→ YOUR OBJECTIVE
Copy the records below exactly, leaving out any pictures.

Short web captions
'''

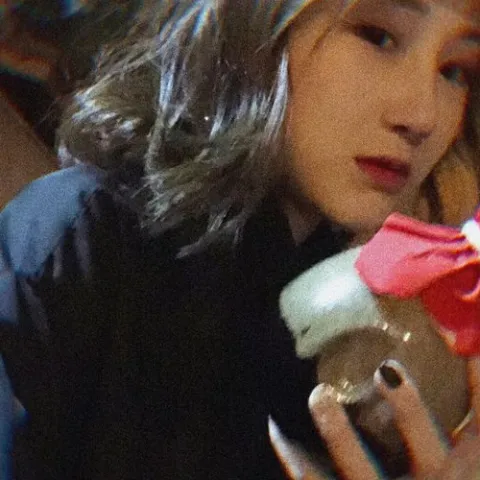 你的酒馆对我打了烊 歌词 - 陈雪凝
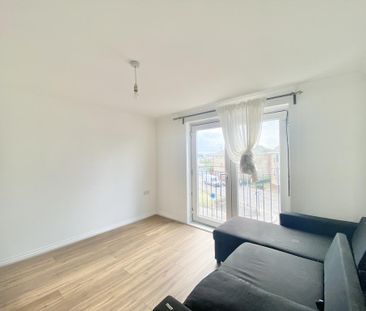 2 bedroom flat to rent - Photo 2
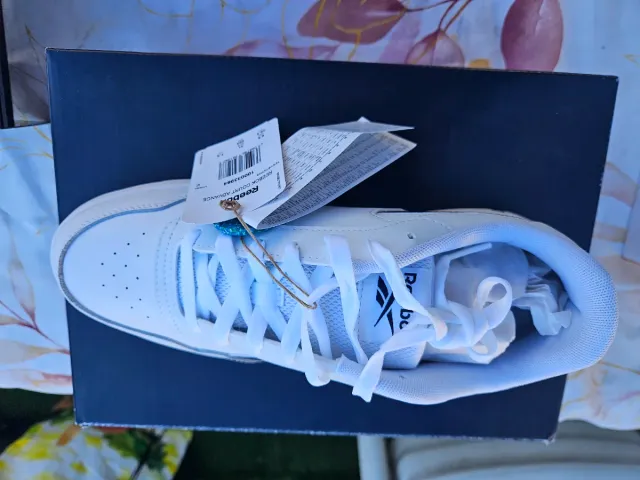 Sneakers Reebok Bianche e Nere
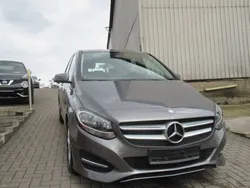 Grau Gebraucht 2015 Mercedes B200 Style Van / Kleinbus | 15.490 € (Fairer Preis)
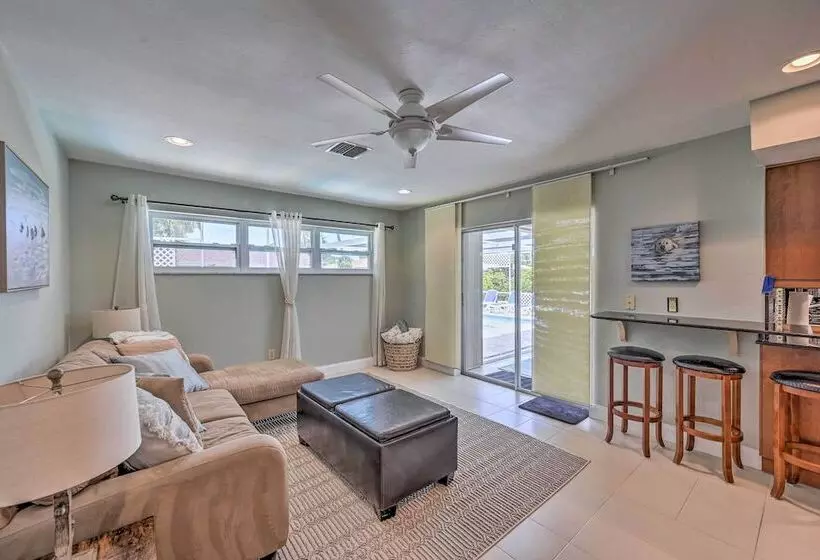 Naples Paradise W/ Private Pool, 4 Mi To Beach!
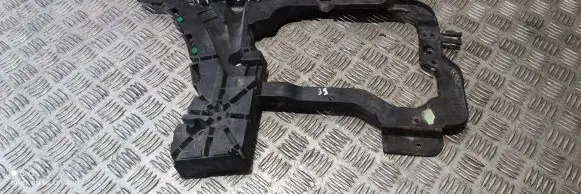 Volvo S90, V90 Rear bumper mounting bracket 31425065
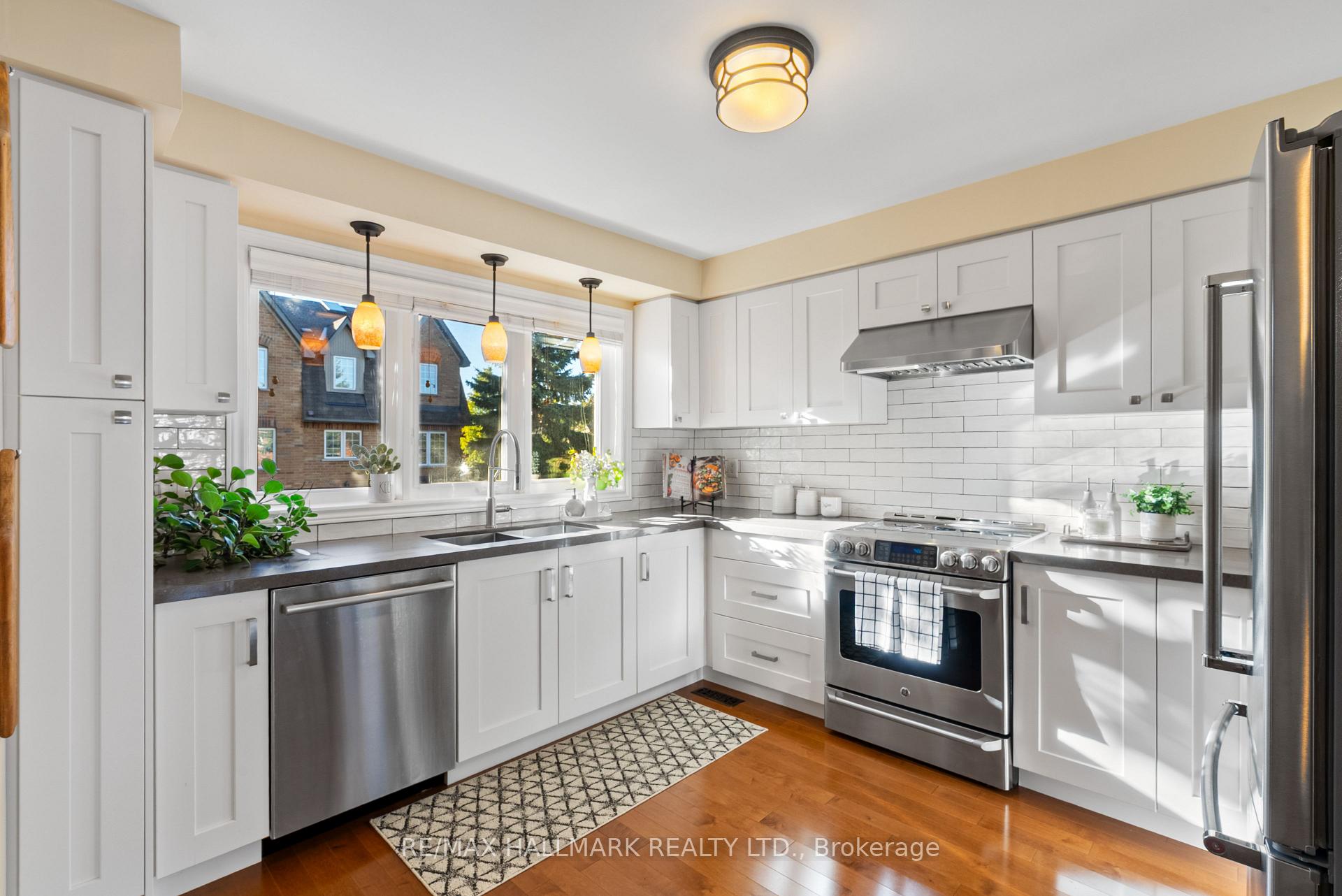 Photo 4 of Unit 16, 6400 Lawrence Avenue E, Scarborough, Rouge — HOMEH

'''

→ RESULT OF THE TASK
 你的酒馆对我打了烊 歌词 - 陈雪凝
 2 bedroom flat to rent - Photo 2
 Sneakers Reebok Bianche e Nere
 Grau Gebraucht 2015 Mercedes B200 Style Van / Kleinbus | 15.490 € (Fairer Preis)
 Naples Paradise W/ Private Pool, 4 Mi To Beach!
 Volvo S90, V90 Rear bumper mounting bracket 31425065
 Photo 4 of Unit 16, 6400 Lawrence Avenue E, Scarborough, Rouge — HOMEH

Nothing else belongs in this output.